Which is when Silvestre Reyes announced an investigation into all the lies CIA told Congress (though see Bill Leonard’s lack of sympathy here). Which, six months later, documented 5 different programs or events CIA lied to Congress about.

In response, both intelligence committees passed intelligence authorization to mandate further briefings. Which the White House, again, tried to defeat with a veto threat.

Which really pissed Nancy Pelosi off.  In an interview with me in July 2010, Pelosi stated that if the Administration did not expand the briefing on programs, it would have to take responsibility if anything went wrong.

And if they don’t want to do that then it has to be very clear. I think the Administration does not make, I think it’s not right to deprive the members of Congress of information with the idea that we’re going to jeopardize the national security of our country. Of course we are not. And every safeguard is built into what we have in our legislation, sources and methods, you know what the list would be.

[snip]

if the Administration wants to take full responsibility for anything that happens. But that’s not right. Because we passed these bills. And we should be able to pass a bill that gives us the the right–how dare the Administration say they would veto the bill?

Ultimately, the 2010 Intelligence Authorization did normally require briefing of the full committees within six months after a program started.

The Administration still isn’t fully briefing Congress on the Gloves Come Off MON

Which brings us to today.

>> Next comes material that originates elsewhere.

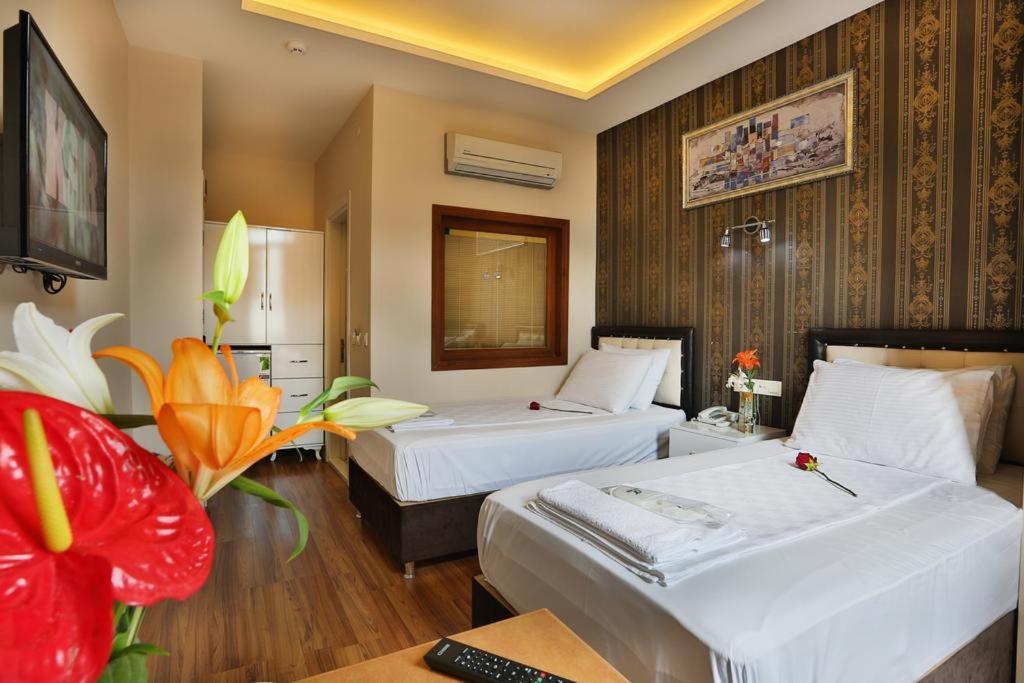 Gh Suites Taxim Hotel Istambul Extérieur photo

To where, 9 months after the Administration first briefed the Intelligence Committees on the Anwar al-Awlaki targeting–and 4 months after his death–they still hadn’t answered very basic questions about the limits on targeted killings of American citizens … such as whether the Administration believed it could target US citizens in the United States.

Here we are, over a decade after George Bush signed the Gloves Come Off MON, and the Executive Branch is still refusing to brief adequately on the programs purportedly authorized by it.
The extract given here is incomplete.